- WHAT THIS TASK INVOLVES -
For the data below, retype word for word the lines from the one containing "Brown Memorial" through the one containing "Альбина Марюхина"; drop the pictures.

- DATA TO PROCESS -
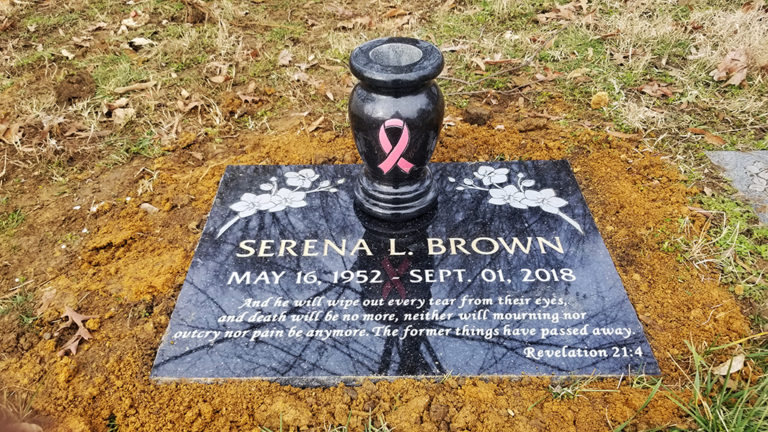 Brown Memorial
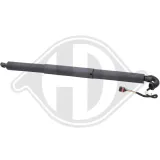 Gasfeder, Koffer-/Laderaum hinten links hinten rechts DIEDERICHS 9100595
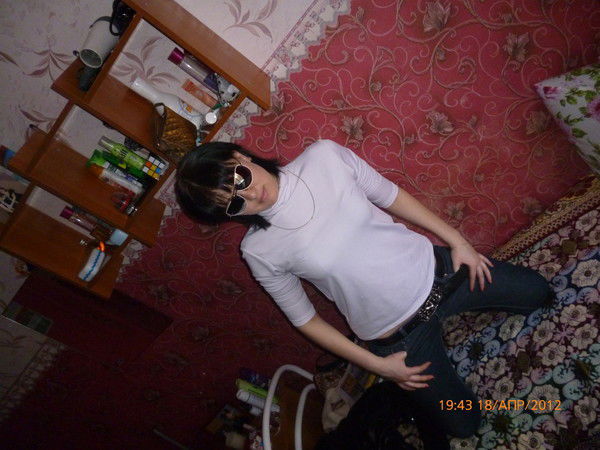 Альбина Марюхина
...
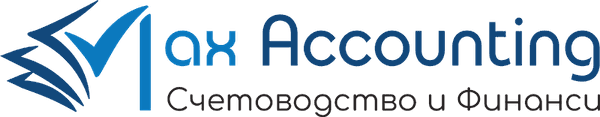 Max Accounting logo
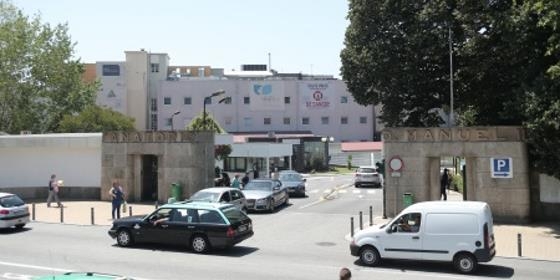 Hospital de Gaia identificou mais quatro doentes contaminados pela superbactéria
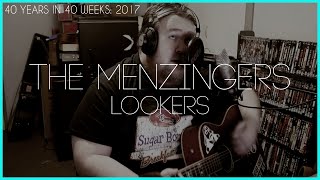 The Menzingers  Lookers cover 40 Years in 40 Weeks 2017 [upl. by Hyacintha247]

- RESPONSE TO THE EXERCISE -
 Brown Memorial
 Gasfeder, Koffer-/Laderaum hinten links hinten rechts DIEDERICHS 9100595
 Альбина Марюхина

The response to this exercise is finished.